How important it was for his readers to fix their eyes on Jesus! Like Peter walking on the water, the turbulent circumstances around them caused them to waver and to lose confidence in their Master and in themselves and their resolve and ability to follow Him, no matter what. As His disciples, they knew that their relationship with Him was far closer than mere admirers. To be a disciple was to learn to become just like their rabbi, to live like him and to imitate him in everything he said and did.
By turning away and going back to the yoke – the teaching and way of life – of a lesser rabbi, they were in effect saying that they no longer believed that Jesus was most authoritative rabbi to follow. They were declaring, by their defection, that His life and teachings were no longer authentic for them, and repudiating their right to be called sons of God.
By doing that they had forgotten the reality of who they were. If they regarded the suffering they were undergoing as believers in Jesus as punishment for their sins, they had missed the truth of the radical change that had happened when they believed and received Jesus as their Messiah and Saviour. They were no longer slaves but sons.

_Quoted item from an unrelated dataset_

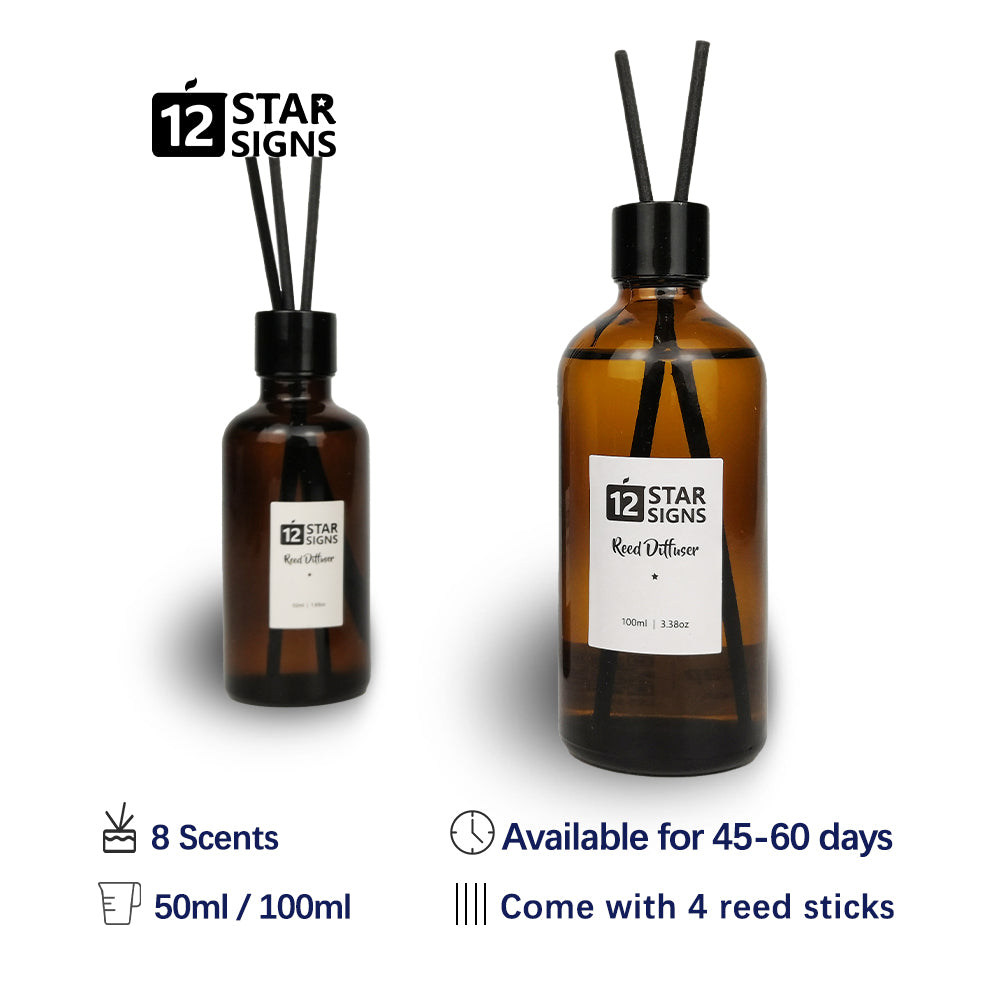 12StarSigns Reed Diffuser Perfume Scent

The Spirit you received does not make you slaves, so that you live in fear again; rather, the Spirit you received brought about your adoption to sonship. And by Him we cry, ‘Abba, Father.’ The Spirit Himself testifies with our spirit that we are God’s children (Rom. 8:15).
Slaves had a different relationship to their master from sons. Slaves did not belong in the family. They did not share the name or the inheritance of sons. They lived in fear of punishment if they did not comply with the master’s orders. They could be beaten or even killed if they disobeyed.
‘You are not slaves, but sons,’ the writer reminded them. The troubles they were experiencing were not punishment for sin as they might have erroneously viewed them. God has dealt with sin, once and for all, in the death of His Son. The writer had taken pains to explain to them that Jesus’s once-for-all, never-to-be-repeated sacrifice had taken care of sin forever. Unlike the sacrifices of the old covenant which had to be repeated again and again as a reminder of sin, the blood of Jesus had perfected them forever and they were now undergoing the process of being made holy.
Their hardships were not punishment but discipline. Punishment was for slaves; discipline was for sons. Punishment was retribution for doing wrong; discipline was correction to point them towards becoming true sons in their attitudes and behaviour.
How important it is for us to understand what God is doing in our lives when we go through the pain and hardships that don’t make sense and seem to indicate that God is either absent or doesn’t care! “The problem of suffering” has troubled both believers and unbelievers from time immemorial. Books and sermons abound; solutions are offered or denied.
Two facts must never be ignored; we live in and are part of a fallen world – we cannot evade the effects of sin and the suffering which sin brings; we are God’s children – He uses every experience we go through to mould us into the likeness of Jesus.
And we know that in all things God works for the good of those who love Him, who have been called according to His purpose. For those God foreknew He also predestined to be conformed to the image of His Son, that He might be the firstborn among many brothers and sisters (Rom.8:28-29).
How else can God reveal the remnants of the old nature in us if He does not allow us to experience the circumstances that trigger our sinful responses? Since we don’t understand what He is doing, we mistrust or blame Him. Instead of growing in grace, we waste the opportunities to imitate Jesus. He endured opposition from sinners because His eye was on the reward. If we keep our eyes on the prize instead of bewailing our suffering, like Jesus we shall endure, persevere and, in the end, inherit God’s promises.
What no eye has seen, what no ear has heard, and what no human mind has conceived’ – the things God has prepared for those who love Him – these are the things God has revealed to us by His Spirit (1 Cor. 2: 9-10).